Eine solche Meuterei hat es vor- und nachher nicht mehr gegeben
Was macht diesen Aufstand nun so einzigartig? Bereits die Meuterei an sich stellt in ihren Ausmaßen in der deutschen Geschichte eine Zäsur dar. Nie zuvor und nie danach hat es eine solche Meuterei im deutschen Militär gegeben. Vor allem die Forderungen der Aufständischen sind bemerkenswert. In der Nacht vom 4. auf den 5. November formulierten Matrosenabordnungen in Kiel die sogenannten „14 Kieler Punkte“, die später auch von vielen anderen Garnisonen übernommen wurden. Zentral waren die Abdankung des Kaisers, Presse- und Meinungsfreiheit und die Einführung des Frauenwahlrechts.
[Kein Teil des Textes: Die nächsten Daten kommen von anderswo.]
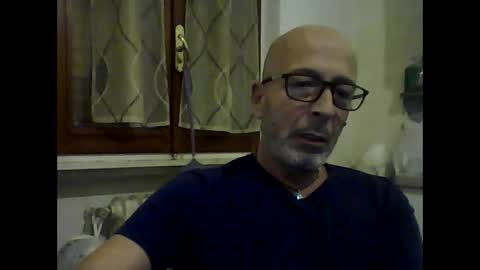 Snapshot of big23italy chatting on October 21, 7:06 pm big23italy online show from October 21, 7:06 pm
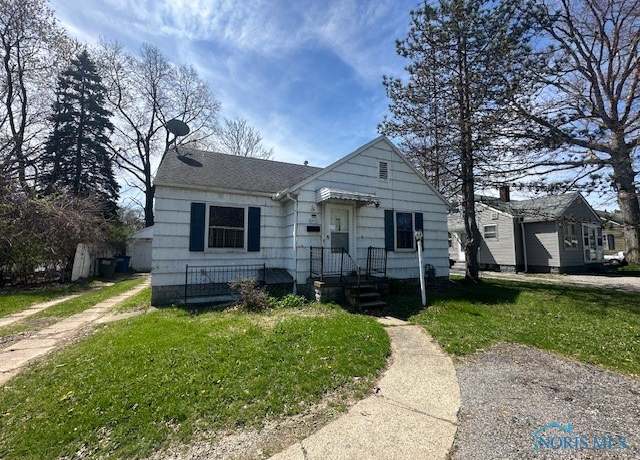 Property at 2417 W Alexis Rd, Toledo, OH 43613, 2 beds, 1 bath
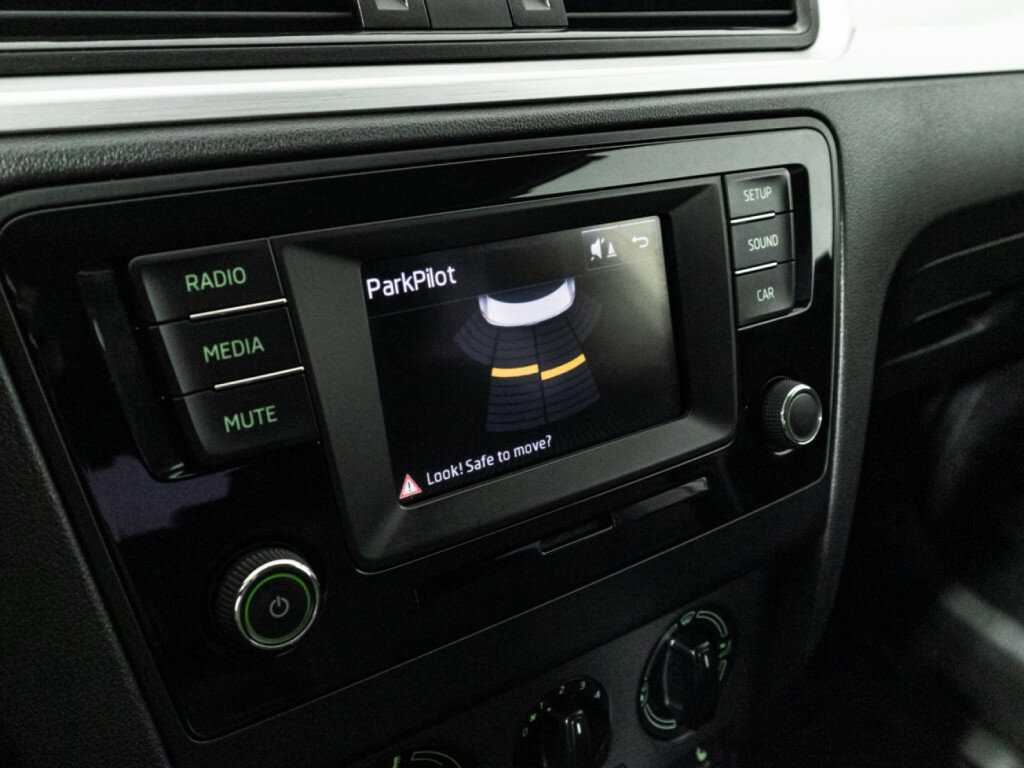 Б/У Шкода Рапид 2016 года. Фото: #15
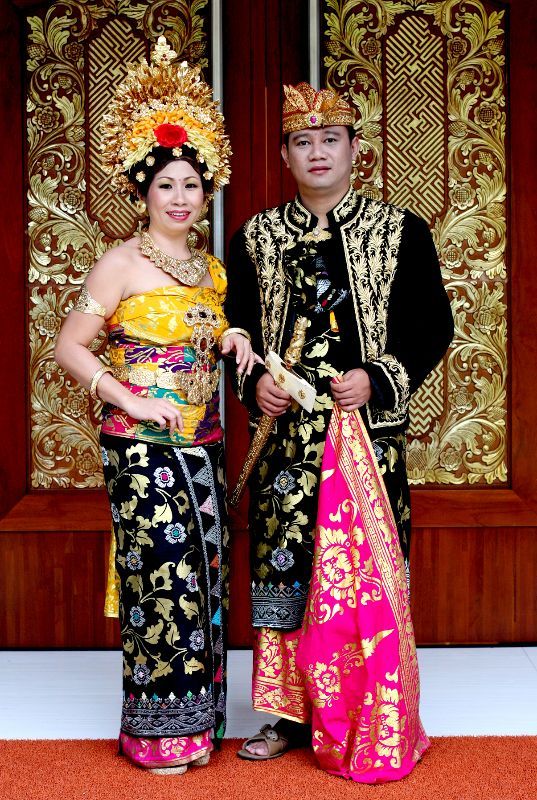 RIAS PENGANTIN BALI  MODEREN DAN SANGGUL DAERAH 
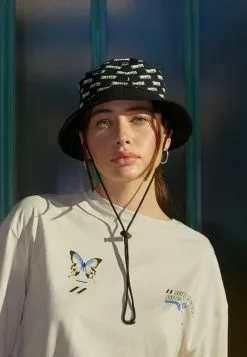 YOURTURN WINCENT WEISS UNISEX - Cappello - Black -Sconto YOURTURN in Italia cd0d2f0f82d6495bb81a9f6c5d29a68d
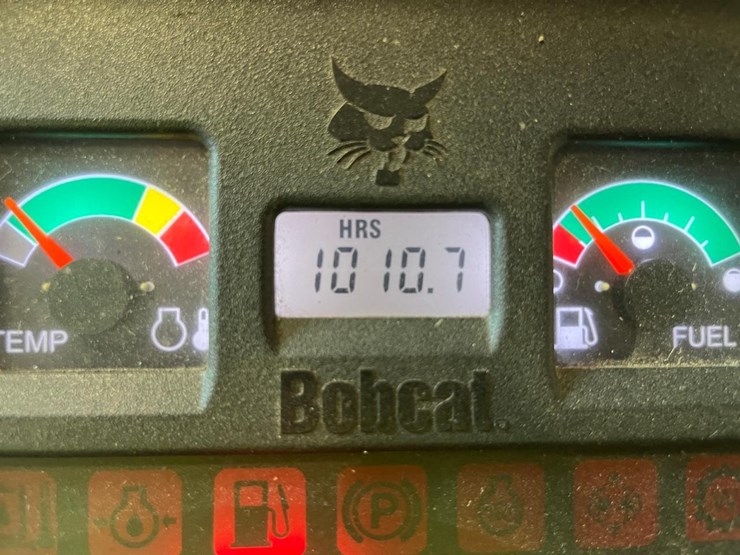 bobcat-5610-toolcat-utility-vehicle-image-24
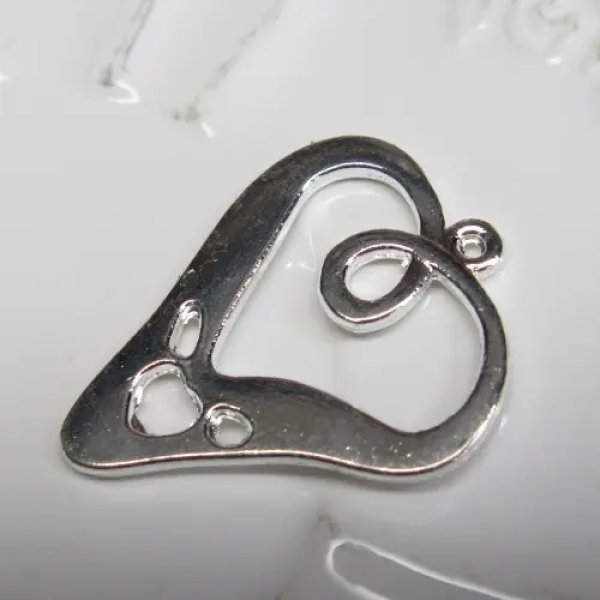Metalowy element ozdobny - zawieszka serce 35x30 mm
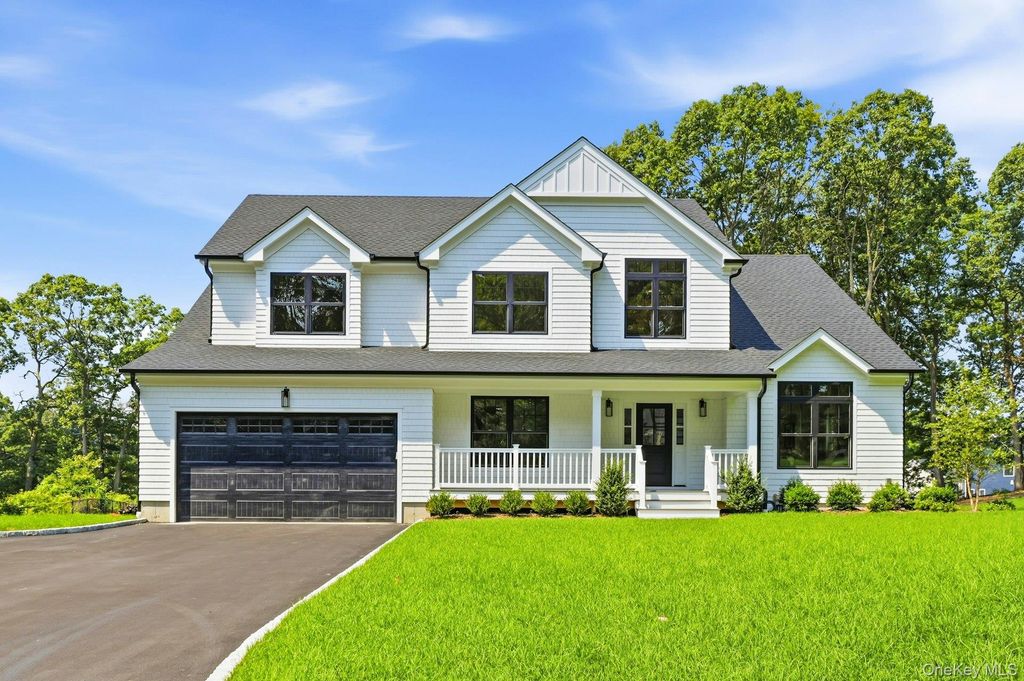 333 Concord Court, Dix Hills, NY 11746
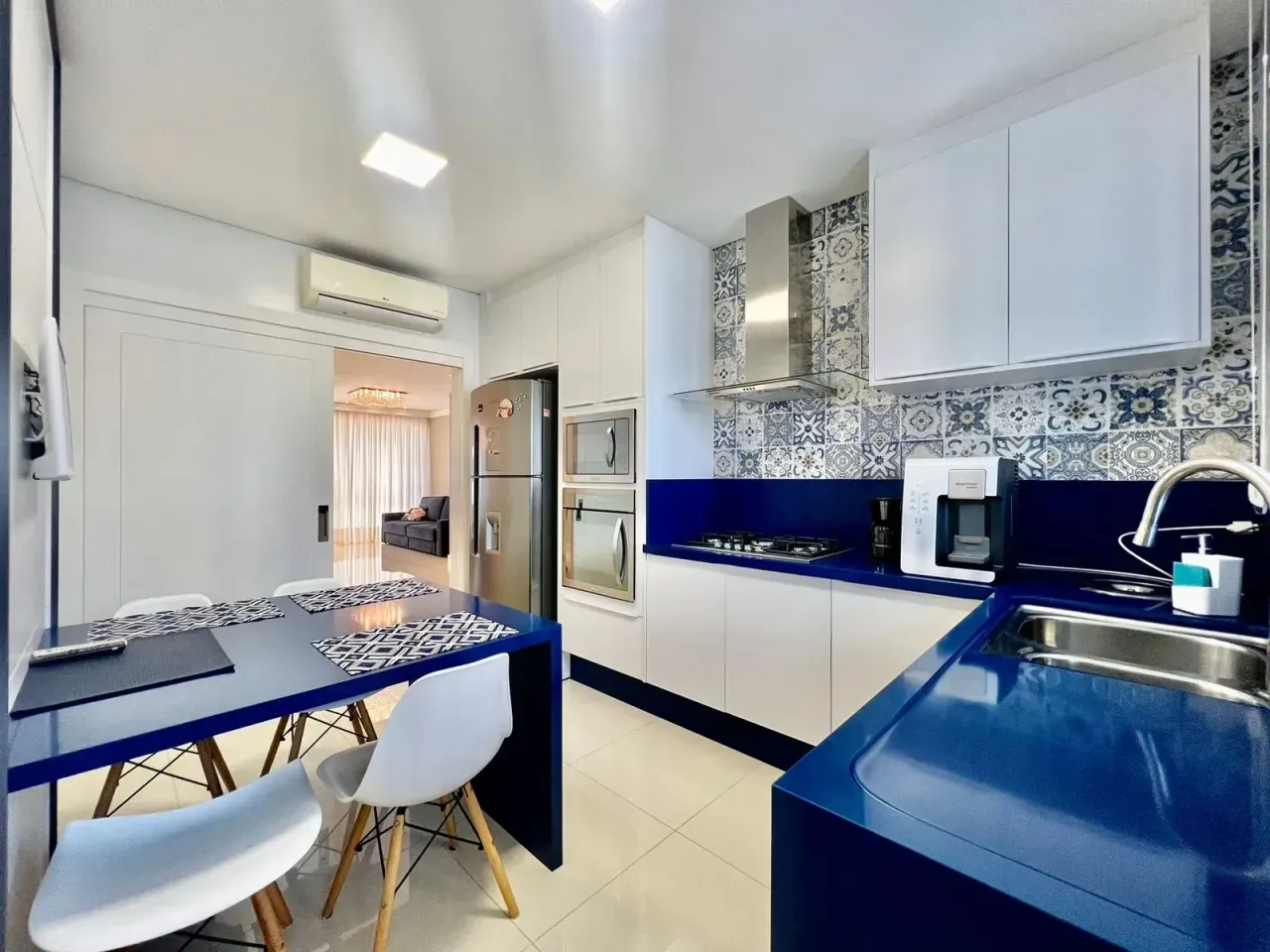 Excelente apartamento pronto para morar, padrão Embraed, com 3 suítes no Centro de Balneário Camboriú — foto 7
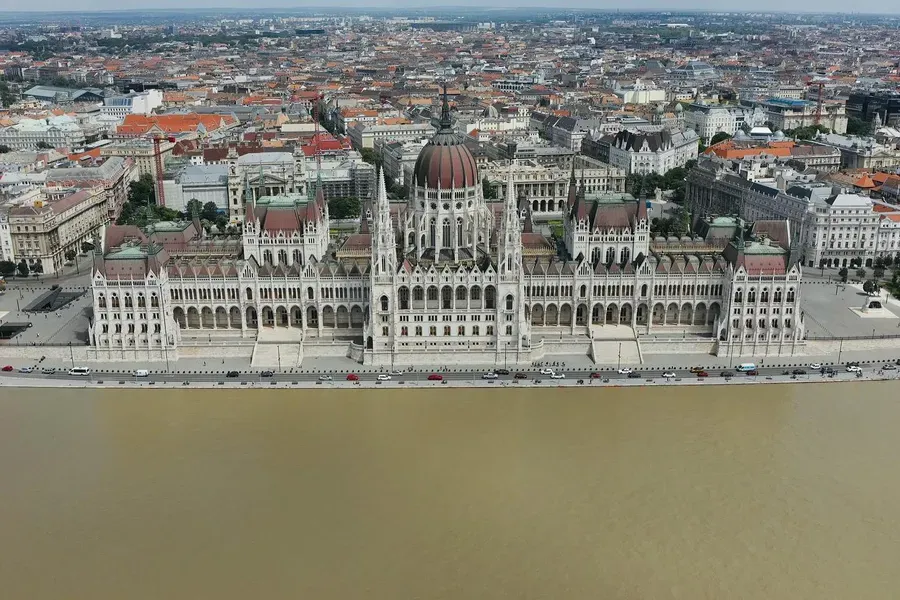 Megkezdődnek az Országház felújításának előkészítő munkái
Dass sich ausgerechnet deutsche Soldaten zu Tausenden für Frieden, Abrüstung und Demokratie stark machten, wäre wenige Jahre zuvor noch undenkbar gewesen. Auch die hartnäckig geforderten und zumindest zeitweise auch vielerorts umgesetzten Militärreformen schlagen einen Bogen zu den Inhalten der Inneren Führung und dem Wehrrecht der heutigen Bundeswehr.
Zum 100. Jahrestag gilt es zu würdigen, dass im Herbst 1918 hunderttausende junger Matrosen und Soldaten einen Aufstand wagten, der die Monarchie im Deutschen Reich stürzte und eine Bewegung einleitete, die zur Weimarer Republik führte – der ersten demokratisch gewählten Regierung Deutschlands.
Der Autor ist promovierter Militärhistoriker und Mitarbeiter des Schiffbau- und Schifffahrtmuseums Rostock.